■ TASK TO COMPLETE: The data below holds a line containing "NIB Sparkling Flower" and a line containing "Used 2022 Buick"; please quote exactly those two lines and every line between them, and nothing else.

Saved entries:
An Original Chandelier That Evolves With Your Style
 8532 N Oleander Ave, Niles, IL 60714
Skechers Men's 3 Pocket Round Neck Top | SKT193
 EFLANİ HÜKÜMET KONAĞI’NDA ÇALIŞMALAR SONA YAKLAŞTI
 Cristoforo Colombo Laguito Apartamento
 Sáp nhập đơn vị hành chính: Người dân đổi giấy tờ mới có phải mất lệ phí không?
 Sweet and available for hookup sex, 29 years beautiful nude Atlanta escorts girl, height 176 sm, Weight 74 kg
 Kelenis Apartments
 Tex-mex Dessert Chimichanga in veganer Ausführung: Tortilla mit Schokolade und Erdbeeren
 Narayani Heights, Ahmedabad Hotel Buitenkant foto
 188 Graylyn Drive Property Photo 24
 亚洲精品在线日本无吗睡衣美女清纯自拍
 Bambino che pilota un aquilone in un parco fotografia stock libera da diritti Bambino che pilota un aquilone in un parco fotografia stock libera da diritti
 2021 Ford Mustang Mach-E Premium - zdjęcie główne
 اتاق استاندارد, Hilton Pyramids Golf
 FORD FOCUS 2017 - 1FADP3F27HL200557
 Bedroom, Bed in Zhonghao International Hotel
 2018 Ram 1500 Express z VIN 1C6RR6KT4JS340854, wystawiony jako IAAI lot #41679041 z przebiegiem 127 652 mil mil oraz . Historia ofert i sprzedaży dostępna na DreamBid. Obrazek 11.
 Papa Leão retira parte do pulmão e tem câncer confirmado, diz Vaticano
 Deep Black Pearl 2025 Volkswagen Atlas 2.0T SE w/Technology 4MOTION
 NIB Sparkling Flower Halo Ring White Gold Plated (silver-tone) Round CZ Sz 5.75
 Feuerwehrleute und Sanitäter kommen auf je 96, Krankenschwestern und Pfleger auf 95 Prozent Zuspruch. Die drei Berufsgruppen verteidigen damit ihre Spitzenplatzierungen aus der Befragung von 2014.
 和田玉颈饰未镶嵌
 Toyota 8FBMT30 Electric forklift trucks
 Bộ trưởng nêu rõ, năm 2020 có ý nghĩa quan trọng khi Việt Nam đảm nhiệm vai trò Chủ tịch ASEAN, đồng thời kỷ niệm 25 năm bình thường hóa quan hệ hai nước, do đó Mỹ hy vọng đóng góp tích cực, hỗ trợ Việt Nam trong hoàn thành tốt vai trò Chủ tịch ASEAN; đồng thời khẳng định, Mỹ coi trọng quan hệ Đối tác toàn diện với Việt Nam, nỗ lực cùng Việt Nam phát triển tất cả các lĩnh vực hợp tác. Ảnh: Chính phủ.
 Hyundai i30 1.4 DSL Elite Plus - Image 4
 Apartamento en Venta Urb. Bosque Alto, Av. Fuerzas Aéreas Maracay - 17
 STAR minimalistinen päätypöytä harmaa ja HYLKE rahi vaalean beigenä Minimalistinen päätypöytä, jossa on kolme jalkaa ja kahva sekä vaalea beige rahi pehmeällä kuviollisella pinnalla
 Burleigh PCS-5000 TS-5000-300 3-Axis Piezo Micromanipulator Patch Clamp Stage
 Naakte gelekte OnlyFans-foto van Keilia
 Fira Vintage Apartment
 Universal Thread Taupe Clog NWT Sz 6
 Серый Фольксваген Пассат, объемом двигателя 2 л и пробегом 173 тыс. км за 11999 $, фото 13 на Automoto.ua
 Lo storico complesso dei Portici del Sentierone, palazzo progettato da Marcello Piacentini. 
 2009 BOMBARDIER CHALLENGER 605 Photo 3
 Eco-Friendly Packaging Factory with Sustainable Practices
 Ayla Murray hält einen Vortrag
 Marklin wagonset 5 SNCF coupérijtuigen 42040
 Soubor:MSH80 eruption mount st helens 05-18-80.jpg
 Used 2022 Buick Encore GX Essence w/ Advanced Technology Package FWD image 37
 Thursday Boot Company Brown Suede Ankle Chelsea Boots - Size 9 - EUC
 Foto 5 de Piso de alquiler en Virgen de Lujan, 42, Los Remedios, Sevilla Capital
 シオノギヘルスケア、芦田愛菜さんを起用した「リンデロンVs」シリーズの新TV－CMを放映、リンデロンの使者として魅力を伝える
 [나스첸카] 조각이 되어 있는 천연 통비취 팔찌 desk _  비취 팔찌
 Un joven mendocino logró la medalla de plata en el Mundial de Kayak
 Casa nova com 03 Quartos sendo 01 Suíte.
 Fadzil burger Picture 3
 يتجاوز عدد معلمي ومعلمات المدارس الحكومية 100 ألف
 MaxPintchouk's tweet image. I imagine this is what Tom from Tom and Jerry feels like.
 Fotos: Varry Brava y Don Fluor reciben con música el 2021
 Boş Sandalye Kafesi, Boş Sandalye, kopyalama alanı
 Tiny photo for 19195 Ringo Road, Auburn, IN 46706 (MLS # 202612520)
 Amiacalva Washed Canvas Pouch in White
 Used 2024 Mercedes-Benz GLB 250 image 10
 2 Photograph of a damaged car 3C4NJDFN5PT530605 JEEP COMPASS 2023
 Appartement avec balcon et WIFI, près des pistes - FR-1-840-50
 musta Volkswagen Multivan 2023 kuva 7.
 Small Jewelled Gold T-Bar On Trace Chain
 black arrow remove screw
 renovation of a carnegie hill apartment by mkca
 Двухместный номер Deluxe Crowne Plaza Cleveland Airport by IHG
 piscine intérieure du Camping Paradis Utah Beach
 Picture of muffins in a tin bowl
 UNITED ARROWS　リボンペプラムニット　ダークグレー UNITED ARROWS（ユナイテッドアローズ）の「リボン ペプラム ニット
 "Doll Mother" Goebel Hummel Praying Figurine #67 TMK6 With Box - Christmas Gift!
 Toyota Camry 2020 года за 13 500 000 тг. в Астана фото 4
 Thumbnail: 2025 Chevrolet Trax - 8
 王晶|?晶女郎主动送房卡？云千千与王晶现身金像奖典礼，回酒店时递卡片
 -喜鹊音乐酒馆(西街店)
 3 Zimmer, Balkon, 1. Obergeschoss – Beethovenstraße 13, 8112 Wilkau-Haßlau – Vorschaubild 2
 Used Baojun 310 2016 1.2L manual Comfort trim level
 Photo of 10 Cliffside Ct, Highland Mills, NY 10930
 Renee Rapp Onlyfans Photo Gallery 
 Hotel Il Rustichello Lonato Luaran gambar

■ FINAL ANSWER:
 NIB Sparkling Flower Halo Ring White Gold Plated (silver-tone) Round CZ Sz 5.75
 Feuerwehrleute und Sanitäter kommen auf je 96, Krankenschwestern und Pfleger auf 95 Prozent Zuspruch. Die drei Berufsgruppen verteidigen damit ihre Spitzenplatzierungen aus der Befragung von 2014.
 和田玉颈饰未镶嵌
 Toyota 8FBMT30 Electric forklift trucks
 Bộ trưởng nêu rõ, năm 2020 có ý nghĩa quan trọng khi Việt Nam đảm nhiệm vai trò Chủ tịch ASEAN, đồng thời kỷ niệm 25 năm bình thường hóa quan hệ hai nước, do đó Mỹ hy vọng đóng góp tích cực, hỗ trợ Việt Nam trong hoàn thành tốt vai trò Chủ tịch ASEAN; đồng thời khẳng định, Mỹ coi trọng quan hệ Đối tác toàn diện với Việt Nam, nỗ lực cùng Việt Nam phát triển tất cả các lĩnh vực hợp tác. Ảnh: Chính phủ.
 Hyundai i30 1.4 DSL Elite Plus - Image 4
 Apartamento en Venta Urb. Bosque Alto, Av. Fuerzas Aéreas Maracay - 17
 STAR minimalistinen päätypöytä harmaa ja HYLKE rahi vaalean beigenä Minimalistinen päätypöytä, jossa on kolme jalkaa ja kahva sekä vaalea beige rahi pehmeällä kuviollisella pinnalla
 Burleigh PCS-5000 TS-5000-300 3-Axis Piezo Micromanipulator Patch Clamp Stage
 Naakte gelekte OnlyFans-foto van Keilia
 Fira Vintage Apartment
 Universal Thread Taupe Clog NWT Sz 6
 Серый Фольксваген Пассат, объемом двигателя 2 л и пробегом 173 тыс. км за 11999 $, фото 13 на Automoto.ua
 Lo storico complesso dei Portici del Sentierone, palazzo progettato da Marcello Piacentini. 
 2009 BOMBARDIER CHALLENGER 605 Photo 3
 Eco-Friendly Packaging Factory with Sustainable Practices
 Ayla Murray hält einen Vortrag
 Marklin wagonset 5 SNCF coupérijtuigen 42040
 Soubor:MSH80 eruption mount st helens 05-18-80.jpg
 Used 2022 Buick Encore GX Essence w/ Advanced Technology Package FWD image 37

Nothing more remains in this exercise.